# Finish the Job 870 Super Express Magnum Riot



## Sharps40 (Oct 12, 2016)

Got this one with a rib and a barrel hacked unevenly to 18 5/8ish wobbly inches.  Paint and a shortened stock.  It was a quickie riot gun on a 3.5" pump gun.  We'll make it pretty and functional.

Streamline first...get the rib off the barrel.  Gentle heat, solder gives and the rib bones pop off easy.  Knocking down the solder with a file will require reblued but this one will deserve it given the added components are what I consider top end and priced as if they in fact are top end.  But, it needs to be reliable too, so.....top end.

Once the rib is off its a simple matter to fit up the Nordic +2 extension after drilling out the spring retainer buttons in the original mag tube.  Once that's done, the Nordic extension is a simple bolt on.  

Inside is a low drag red anodized Nordic follower for empty status checks and smooth friction free feeding of shells to the carrier.

For practical tactical purposes I added the Pic Rail mount on the optional barrel to extension clamp.  Also added is a forward sling mount on the same barrel to extension clamp.  I don't like the pop on/off swivels so will adapt an Uncle mikes to the forward sling mount for a no fail no fall off no wear out forward mounting point.  Note, sling and pic rail can swap sides if ya like.

Front sight will be a green glow worm bead thingie threaded clean through the now crowned barrel (which incidentally, cleaned up with a hand piloted reamer at 18 9/16" breech to muzzle.  

Probably add a spacer to the sawn off stock and since its all birch, likely clean off the camo and replace it with black paint finish.  

In adding the +2 extension I put in the replacement full length spring, its long enough for the +5 or so long long extensions but it all fits and provides very solid and smooth feed.  The mag capacity with the +2 extension is 6 each 2 3/4" shells + one in the chamber.  I don't have 3" or 3.5" shells to check with but I expect it'll hold 6+1 on the 3"ers and at least 5+1 on the 3.5"ers.  

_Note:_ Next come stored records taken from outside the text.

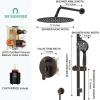 imageSR SUN RISE 12 Inch Oil Rubbed Bronze Shower System WallMount Adjustable 16Inch Slide Bar with 6Function Hand Shower Faucet Included Valve and Trim KitOil Rubbed Bronze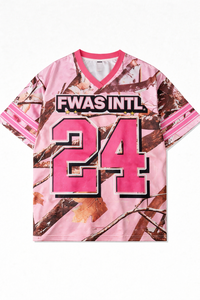 Vente en gros de maillots de football américain unisexes rose camouflage, personnalisés, en polyester respirant, sublimation, streetwear, t-shirts à col en V - Product Image 2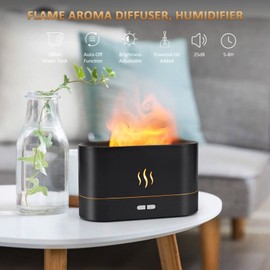 PLUWEL Flame Diffuser Humidifier-Auto Off 180ml Essential Oil Diffuser-2 Modes Brightness Aroma Humidifier with Fire Flame Effect for Home,Office,Spa,Gym(Black)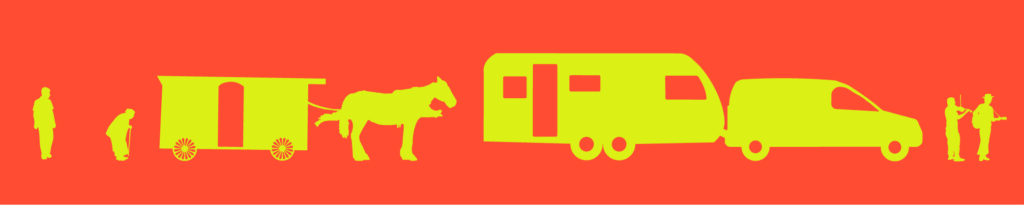 Illustration du roman Partir ? de Julia aux éditions Le Calicot avec personnages (Jaime, Yaya, musiciens) et transports des Roms au fil du temps, de la roulotte à la caravane.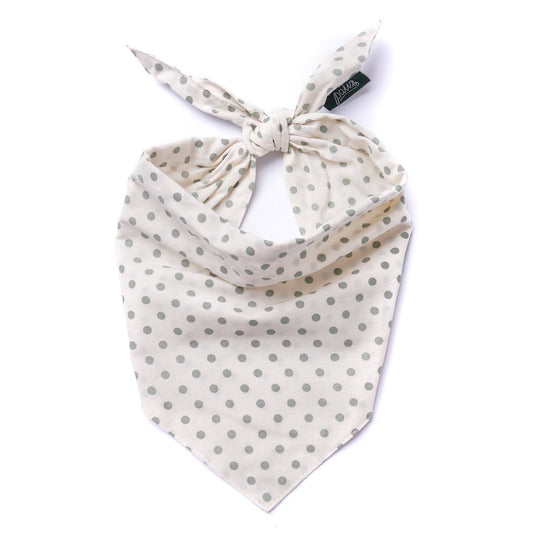 Bandana pour chien vert & blanc à pois - The Paws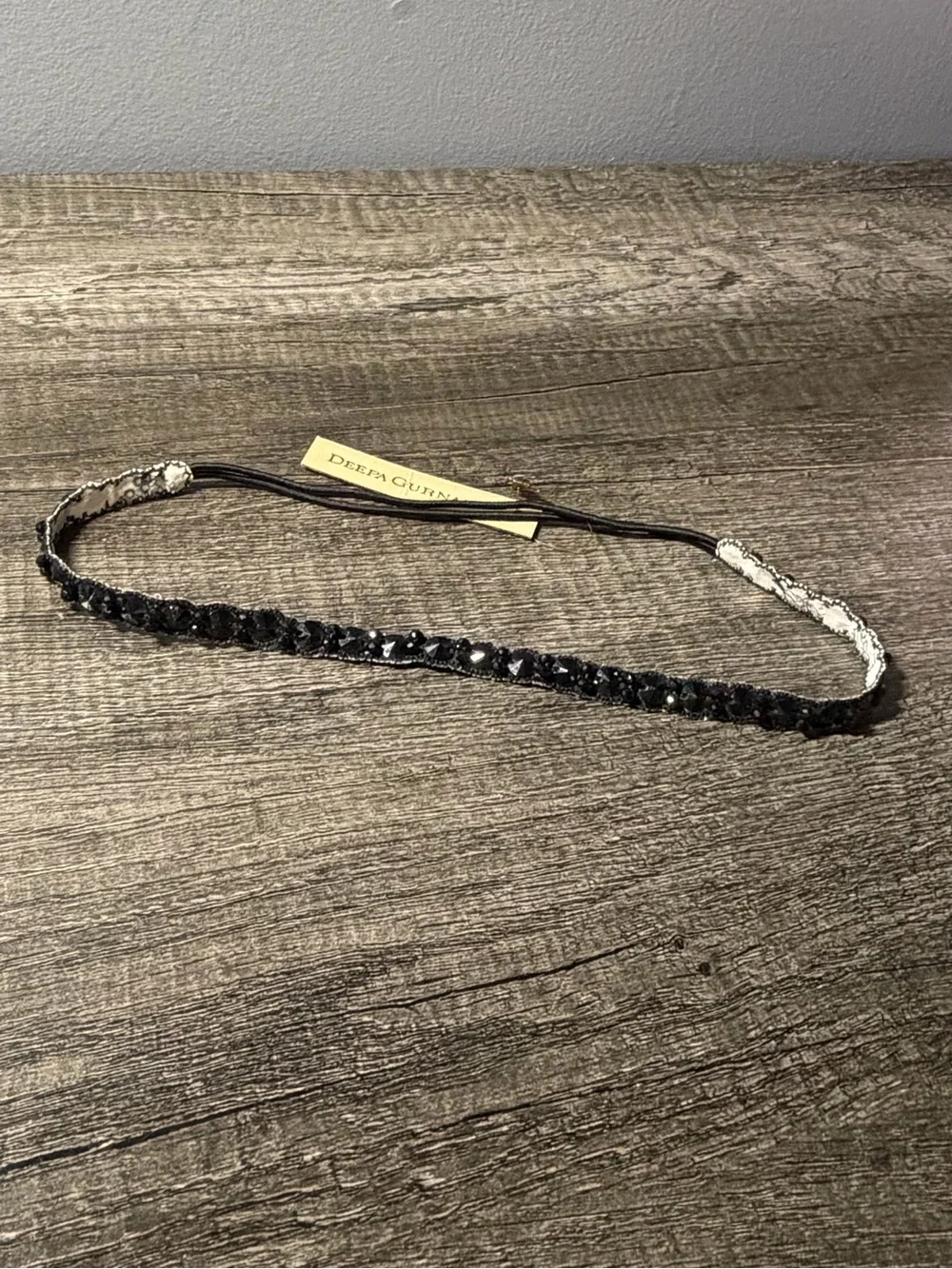 NWT Deepa Gurnani Embellished Headband & Hair Tie Set Beaded Crystal Boho
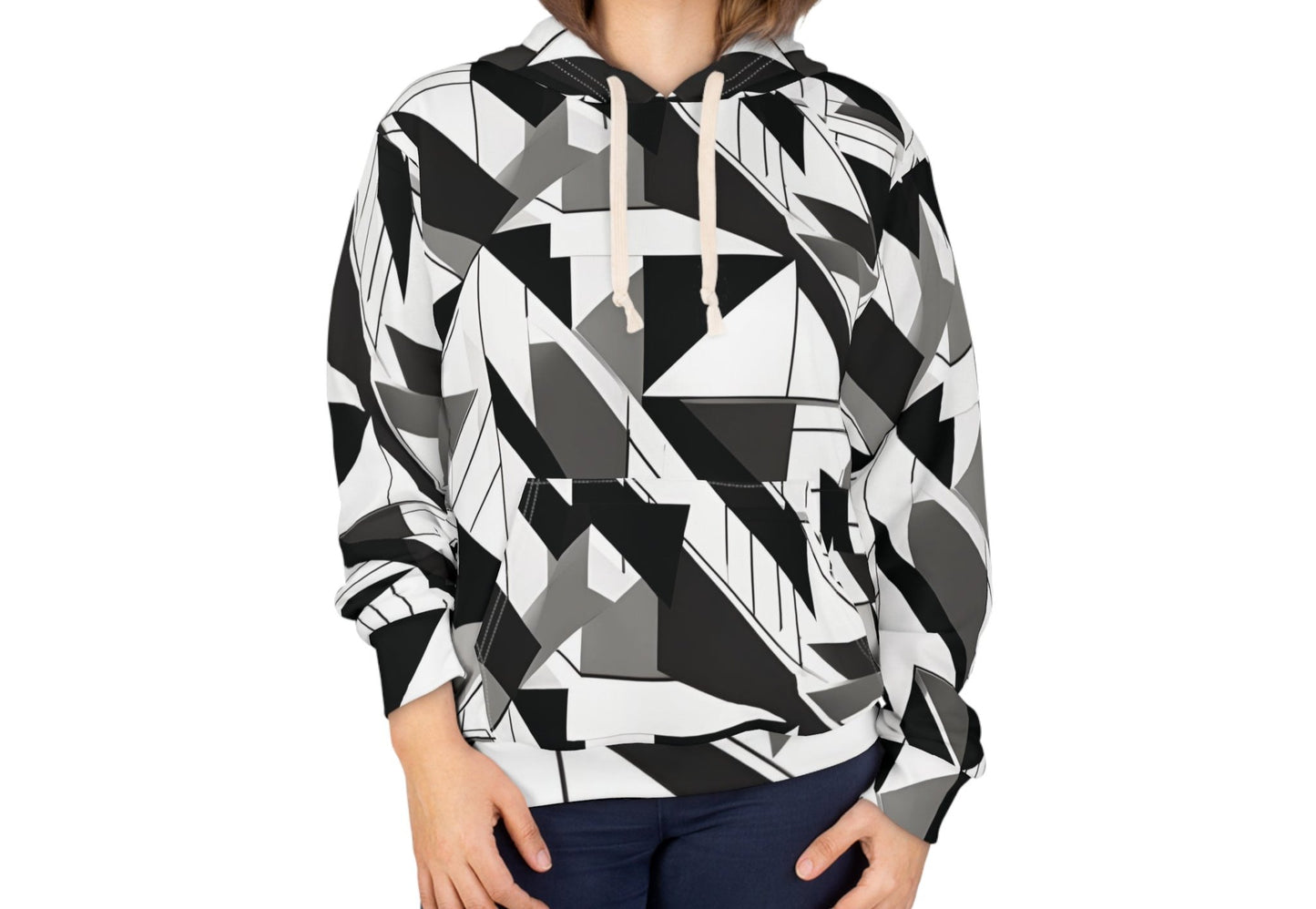 Geometric Monochrome All-Over Print Hoodie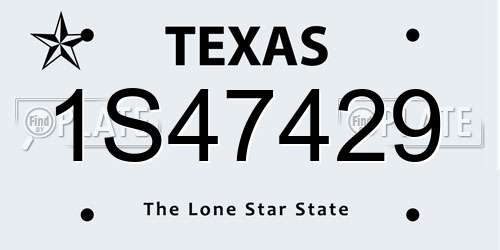 1S47429 Texas License Plate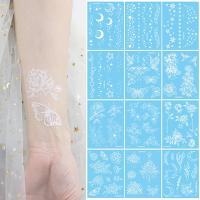 Temporary White Tattoo Stickers Individuality Sexy Decor Collarbone Stickers Masquerade Disposable Star Butterfly Arm Tattoo Stickers
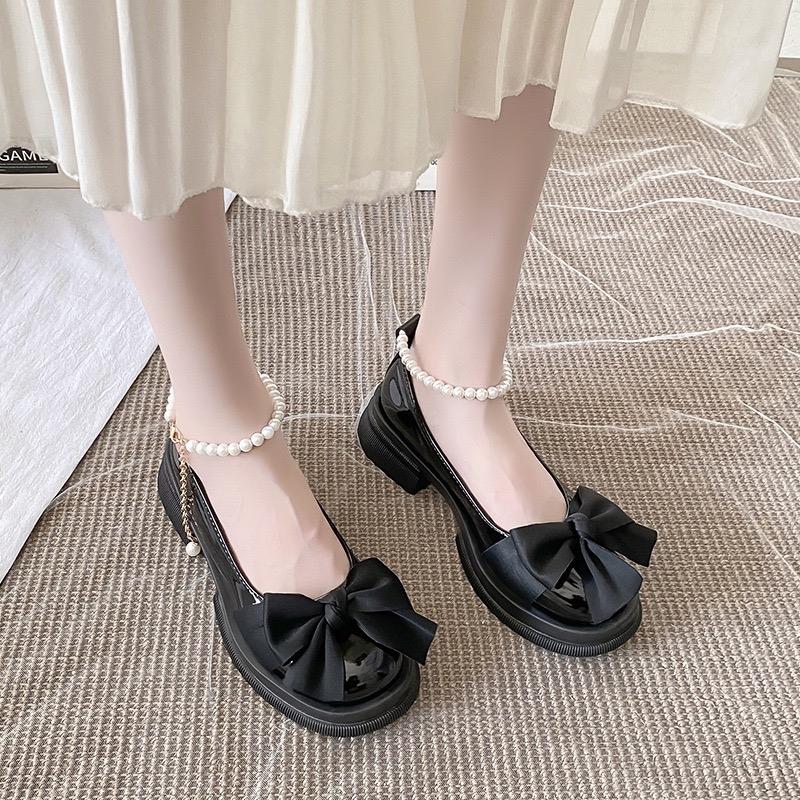 Giày búp bê nữ lolita phối nơ quai ngọc độn đế 5cm GD007 5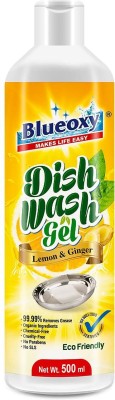 Blueoxy Dish Wash Gel with the Power of Lemon & Ginger| Pure Removes Grease | Organic Ingredients | Chemical Free | Cruelty-Free| No SLS | No Parabens- Pack of 1 Dish Cleaning Gel(Lemon, 0.5 L)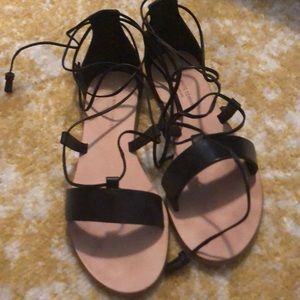 Black lace up sandals white label the white co London England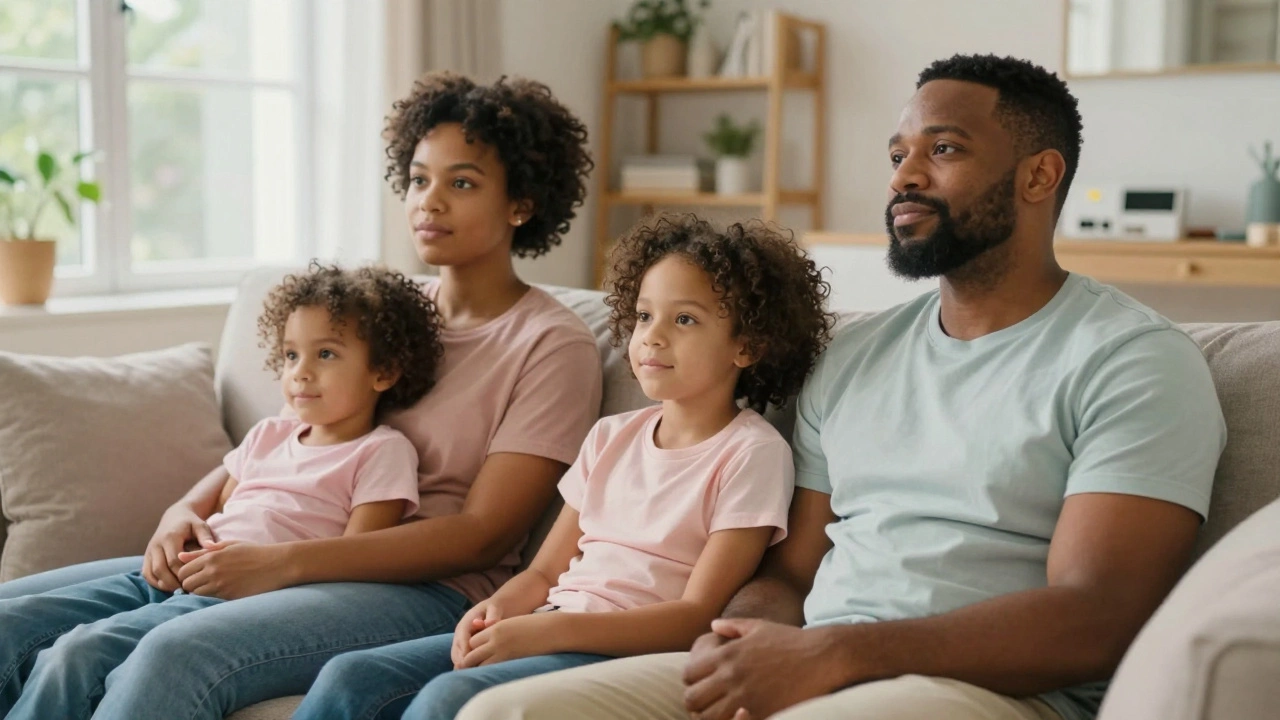 A happy family relaxing at home, representing the peace of mind provided by health insurance.
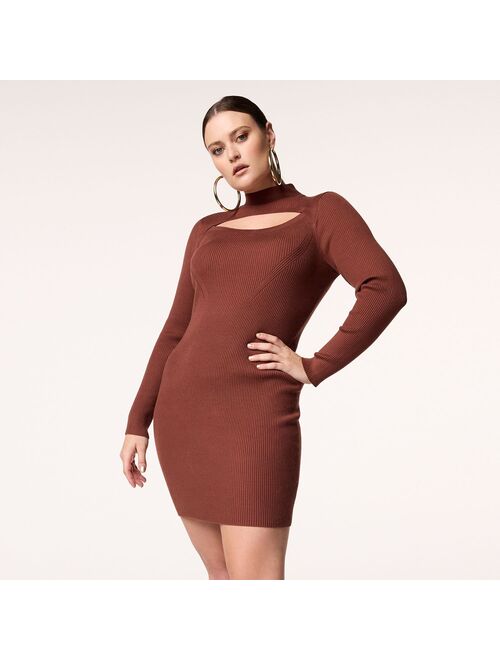 Women's Intempo Mockneck Cutout Sweater Dress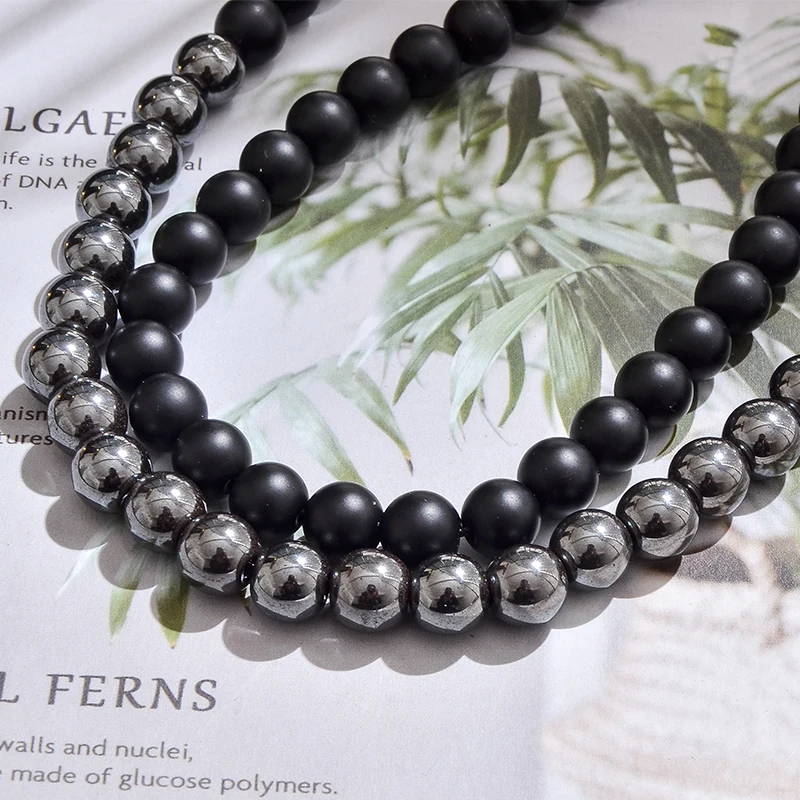 8mm Mattle Black Onyx with Hematite Beaded Long Necklace Jewelry for Men and Women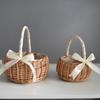 Handwoven Flower Girl Basket Natural Bamboo Rattan for Wedding Decor Multipurpose Home Centerpiece & Storage Eco-Friendly Gift
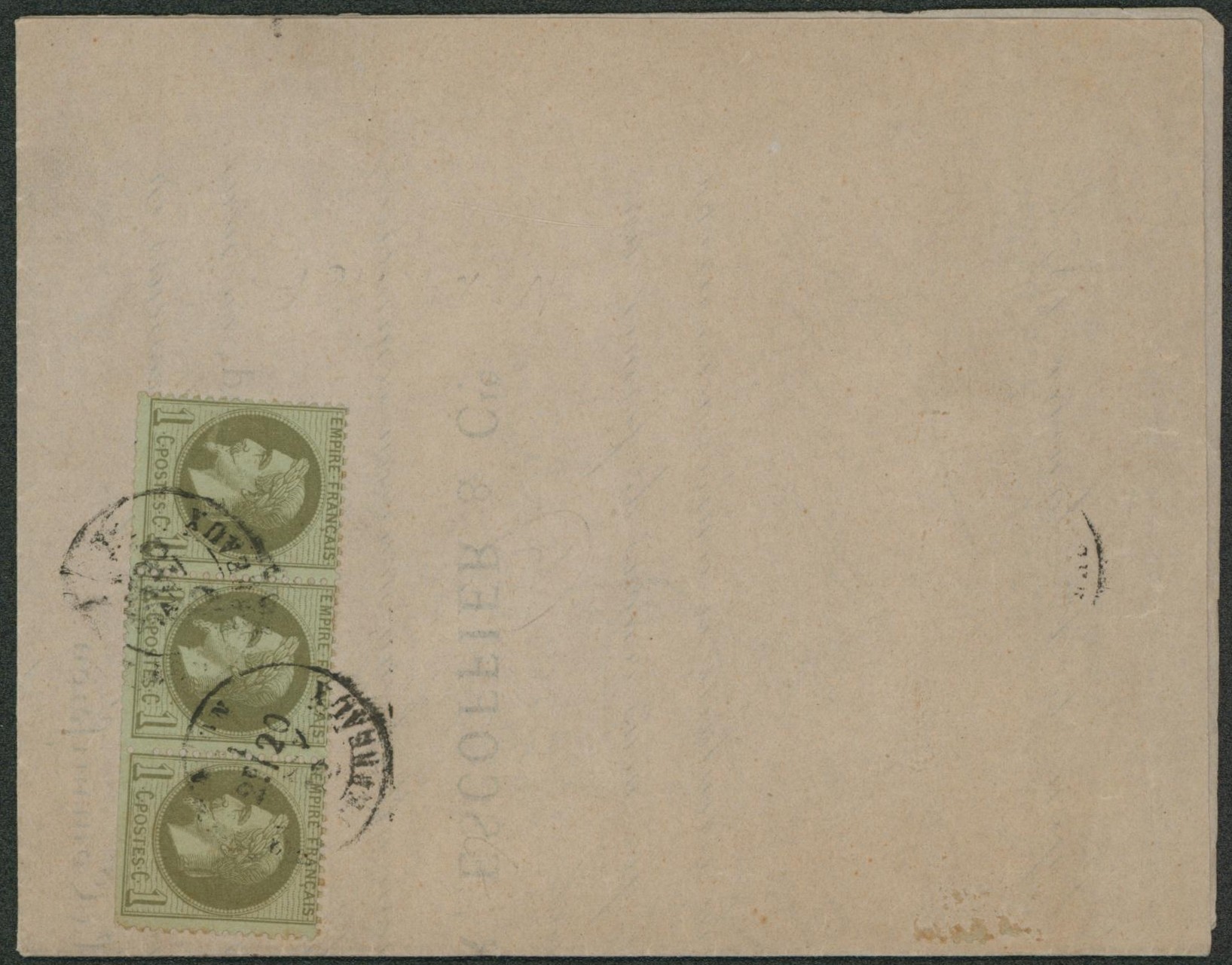 France - Yv n°25 en bande de 3 (bord inférieur droit, dents rasés) sur imprimé circulaire informant la formation d'une société A. Rouzier, escoffier & Cie (Lyon le 1er Janvier 1872)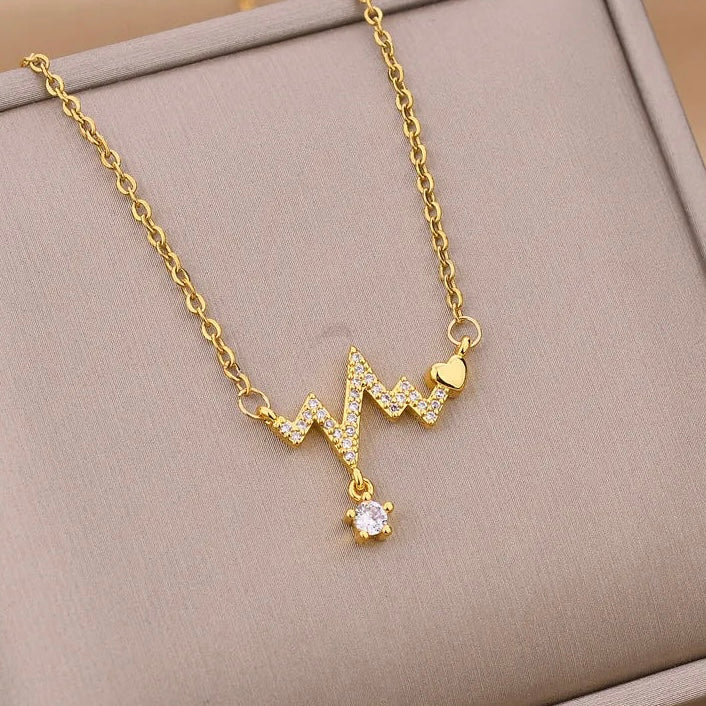 Gold Heartbeat Pendant Necklace – Symbol of Love and Life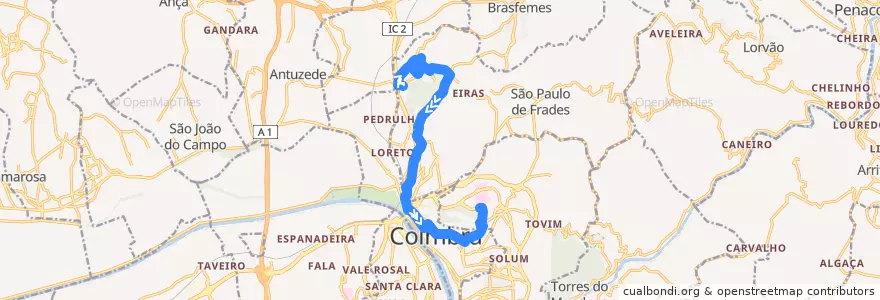 Mapa del recorrido 36F: Ponte de Eiras => Hospitais UC de la línea  en Coimbra.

Oh yeah....when I popped off the vent rib and crowned the crooked muzzle (it looked like a star washer out front) I also ran in the long forcing cone reamer and gave this one a nice smooth long forcing cone....might as well do it when ya have the tooling, time and the barrel is off..

Here we go...


----------



## getaff (Oct 12, 2016)

Hw did you paint it and what kind of paint did you use?


----------



## Sharps40 (Oct 13, 2016)

I didn't.   Since stock is cracked and painted it'll get a spacer and repaint of the wood as I mentioned above.  The type of paint will be any spraypaint on sale


----------



## Rich Kaminski (Oct 13, 2016)

Nice work. Really nice work.


----------



## Sharps40 (Nov 4, 2016)

All done but the cosmetics now.

Rear sling mount.  It goes in the buttstock not less than 2" from the end of the stock (end of the wood, not end of the pad) to prevent cracking the stock should one ground the buttplate/recoil pad too hard.   This one tore out anyway, so time to move it to the proper location.






Glow dot front sight, low profile, is mounted on the barrel.  It'll have its shank shortened slightly later so it doesn't protrude into the bore and be installed with blue Loctite after bluing the barrel.






Most slings come with detachable sling loops.  This mount is made for a quick release button.   I don't like the button type sling swivel mounts.  A push of the button and the sling falls off.  Plus they are only attached by four small spring loaded balls.  Not much.  So, without modifying the sling mount tab (so a quick release swivel button can be used by someone later if they just gotta have it).....a steel sleeve is made up to go on the mount tab.  Its drilled and an Uncle Mikes sling swivel is screwed in, soldered into the sleeve and cross pinned from the rear.  The swivel, swivels.  And it can't be removed unless the cross tab is cut away from the rear side.  To remove the sling, unscrew the cap on the sling loop, press it in and sling is off.  No buttons or balls to fail.


----------



## Sharps40 (Nov 30, 2016)

Ugly green camo paint off.  This'll give me a chance to sand the wood and recoil pad and make the pad sides look decent.  Primer then black truck liner for this plain wood.

20 minutes with water based citrus paint remover and it basically blotted off with a dull knife blade and steel wool.   Water clean up.  For not, JB weld in the torn out swivel screw hole and under all the paint.....That slot up front, jb weld filler there too to cover up where the prior owner started in with a hacksaw to make a pistol grip and then wisely.....stopped the butcher!


----------



## Sharps40 (Dec 2, 2016)

Put three coats of rustoleum truck bed liner spray.  Looks decent.  It'll be a good knock around finish on the birch wood, somewhat grippie, easy touch up and if it holds up like it did on the wood bed of Ol John Lee, pretty darn good.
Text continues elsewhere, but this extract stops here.